日立製作所は3月5日、鉄道システム事業を担う日立レールが、イタリア・トリノ地下鉄2号線のレバウデンゴ-ポリテクニコ区間において、車両および信号システムの設計・供給を行うと発表した。インフラ・トー社向けのプロジェクトで、契約総額は約4億8160万ユーロ(約888億円)。
2033年までの開業を予定している。

契約内訳は、レバウデンゴ-ポルタ・ヌオーヴァ区間の基本契約が3億8850万ユーロ(約716億円)、将来的に行使される可能性のあるポルタ・ヌオーヴァ-ポリクリニコ区間のオプション契約が9310万ユーロ(約172億円)。最終的にトリノ地下鉄2号線は全長約28km、全31駅となり、すべての車両は完全な「メイド・イン・イタリア」となる予定。

各編成は、車いす利用者向けスペース2カ所、自転車スペース4カ所を備え、立席乗客336名、着席乗客68名、最大404名の輸送が可能。車両は高い輸送力、あらゆる人の移動のしやすさ、快適性を確保するとともに、路線の先進的なデジタル信号システムと完全に統合される設計となる。

新しい地下鉄には、GoA4(自動化レベル4)に対応した最新世代のCBTC信号システムが導入される。これは現在実用化されている中で最高水準の自動化技術であり、列車の発進・停止・ドア操作を含む完全無人運転を可能にする。この技術により、高いサービス信頼性と輸送能力が実現されるという。

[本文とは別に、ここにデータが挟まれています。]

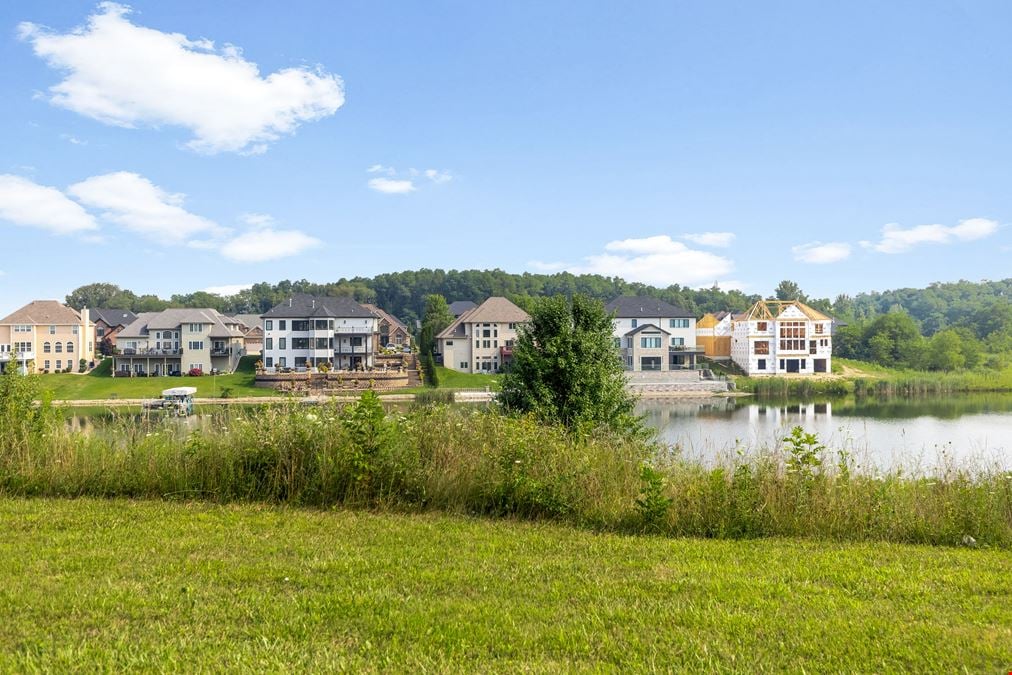 Phase 17 Doubletree Lake Estates Winfield iNdiana
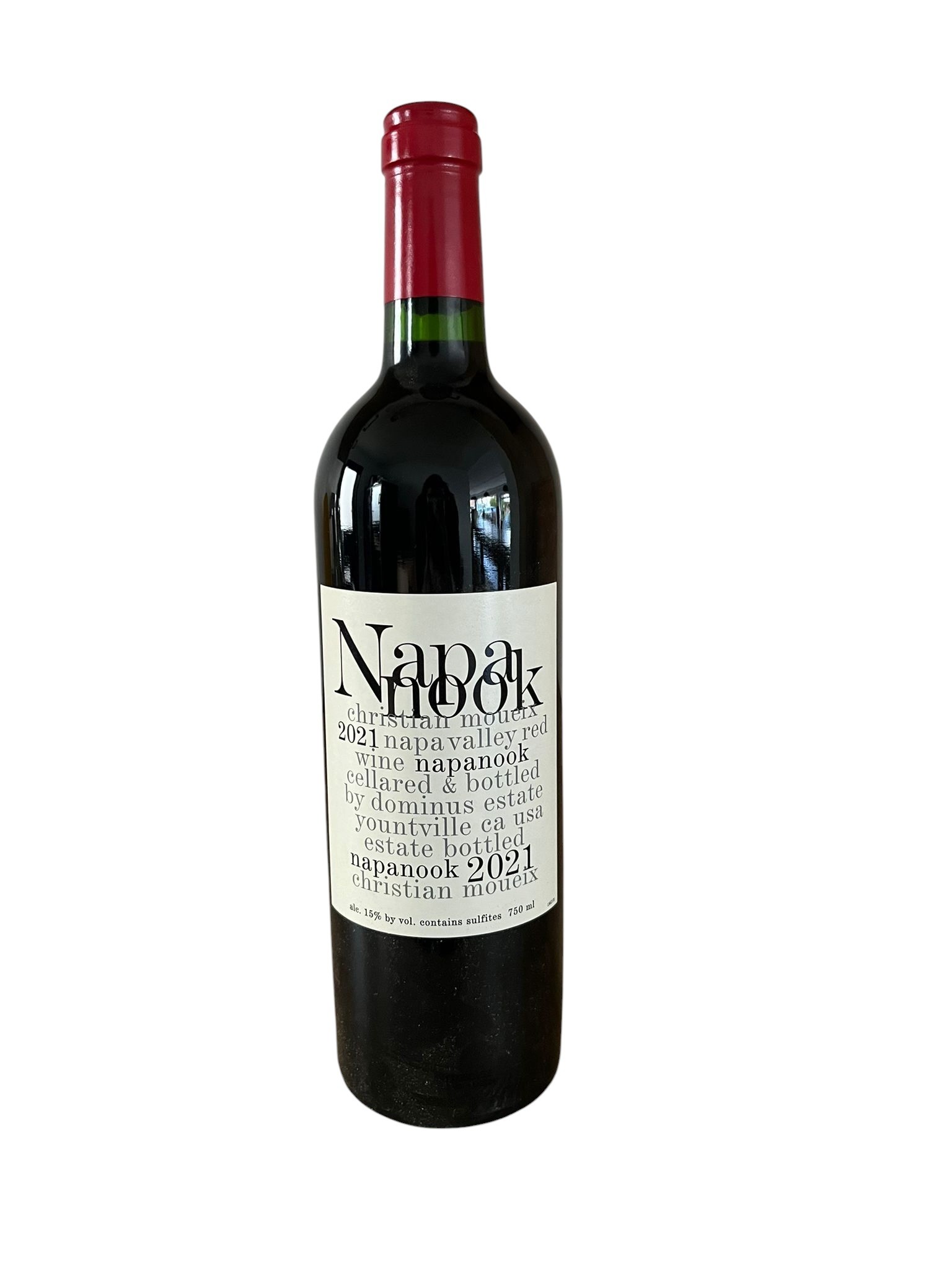 Dominus Napanook Cabernet Sauvignon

また、本路線を走行する列車には、日立レールの高度なデジタル資産管理ソリューション「HMAX for Rail」が搭載される。HMAXは車両および路線データをリアルタイムで収集・分析し、システムの監視および迅速な対応を可能にする。現在2000編成以上の列車に導入されており、先進的なセンサー技術とAIおよびエッジコンピューティングを組み合わせることで、鉄道パフォーマンスの最大化、資産寿命の延長、コスト最適化を実現するとしている。

日立レールのグローバルCOOであるルカ・ダキーラ氏は「トリノ地下鉄2号線は、当社が新型トラムをすでに納入しているトリノ市の公共交通ネットワークをさらに強化し、都市圏内の接続性を向上させるとともに、自家用車から公共交通機関への移行を促進する。
完全自動化、デジタル化、エネルギー効率に優れたソリューションを通じて、低排出型モビリティへの具体的な転換を支援する」とコメントしている。

インフラ・トー社CEOのベルナルディーノ・キアイア教授は「トリノ地下鉄2号線の車両および信号システムに関する契約の締結は、トリノ市の新たな地下鉄開発における重要な節目だ。日立レールとの協創により、国際的な最先端基準に沿った、先進的で完全自動化された高度な技術インフラをトリノ市が備えることが可能となる」と述べている。